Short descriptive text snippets
[Start of Attachment]

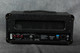 Marshall DSL20H 20w Valve Head **COLLECTION ONLY** - 2nd Hand Marshall DSL20H 20w Valve Head **COLLECTION ONLY** - 2nd Hand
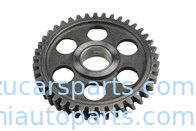 ISUZU 700P 4HK1 GEAR IDLE 8976069290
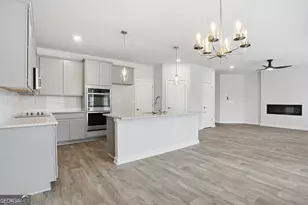 368 Jarrett St, Fairburn, GA 30213 - Photo 6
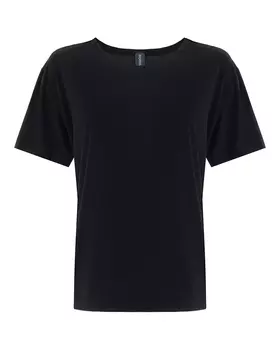 блуза NORMA KAMALI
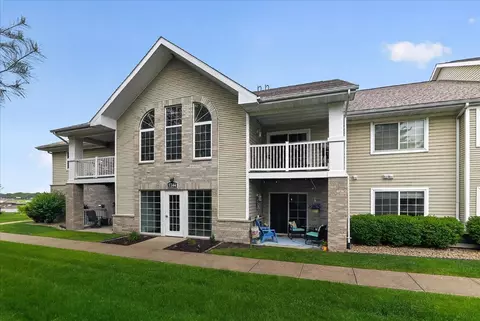 5344 Congress Ave #4, Madison, WI 53718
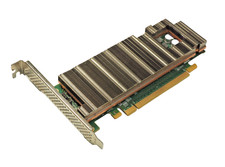 Silicom P3IMB-M-P2 Intel ACC100 FEC vRAN PCIe Server Accelerator Card picture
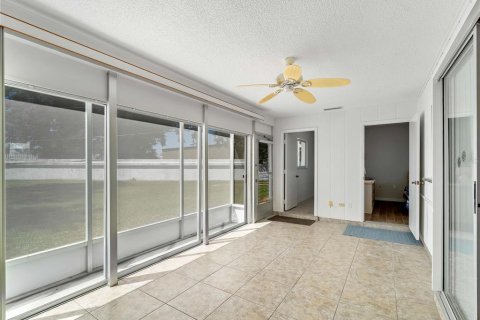 Villa ou maison à vendre à Venice, Floride: 2 chambres, 122.63 m2 № 2109482 - photo 18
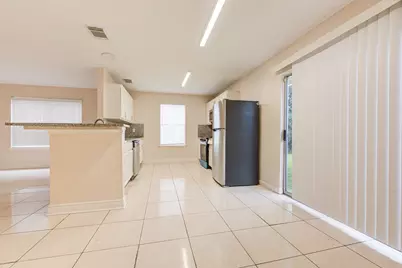 7322 Parkland Manor Drive, Cypress, TX 77433 - Photo 7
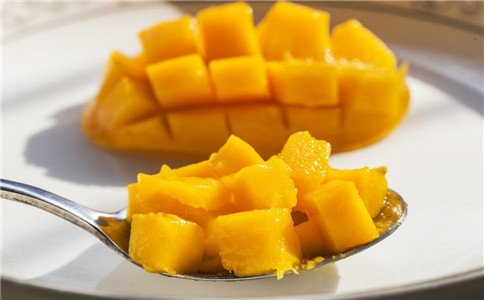 小吃培訓(xùn)：常見食物的冷知識(shí)！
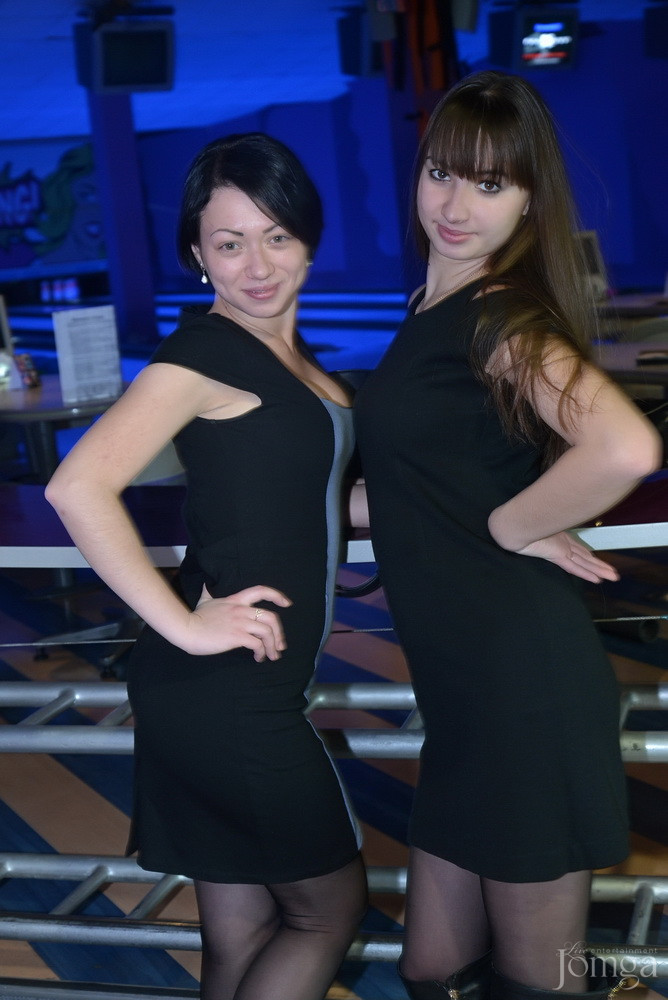 Фотография с Dance WeekEnd в Пятерочка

[End of Attachment]

All lines from the one bearing "блуза NORMA KAMALI" through the last line of the records, and only those, should be duplicated exactly; no picture belongs in the copy.

 блуза NORMA KAMALI
 5344 Congress Ave #4, Madison, WI 53718
 Silicom P3IMB-M-P2 Intel ACC100 FEC vRAN PCIe Server Accelerator Card picture
 Villa ou maison à vendre à Venice, Floride: 2 chambres, 122.63 m2 № 2109482 - photo 18
 7322 Parkland Manor Drive, Cypress, TX 77433 - Photo 7
 小吃培訓(xùn)：常見食物的冷知識(shí)！
 Фотография с Dance WeekEnd в Пятерочка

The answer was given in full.